*Exercise requirements:*
Below are lines of records; copy exactly those from the one containing "Протест срещу насилието над животни" through the one containing "玉稻518水稻品种全生育期155.4天怎样？-会东网", leaving the pictures behind.

*Data to process:*
'''

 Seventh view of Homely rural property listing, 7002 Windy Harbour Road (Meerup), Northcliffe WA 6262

'''
'''

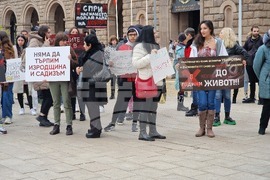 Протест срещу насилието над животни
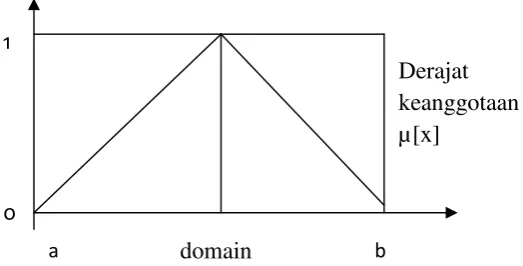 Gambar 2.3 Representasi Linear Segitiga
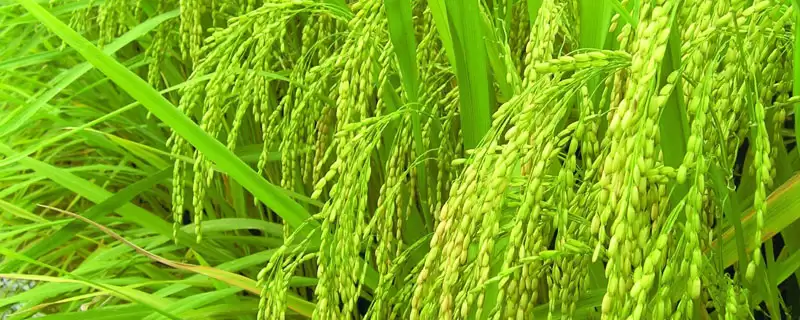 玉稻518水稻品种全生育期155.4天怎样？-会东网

'''
'''

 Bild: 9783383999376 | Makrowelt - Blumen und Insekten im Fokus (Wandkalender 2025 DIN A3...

'''

*Exercise answer:*
 Протест срещу насилието над животни
 Gambar 2.3 Representasi Linear Segitiga
 玉稻518水稻品种全生育期155.4天怎样？-会东网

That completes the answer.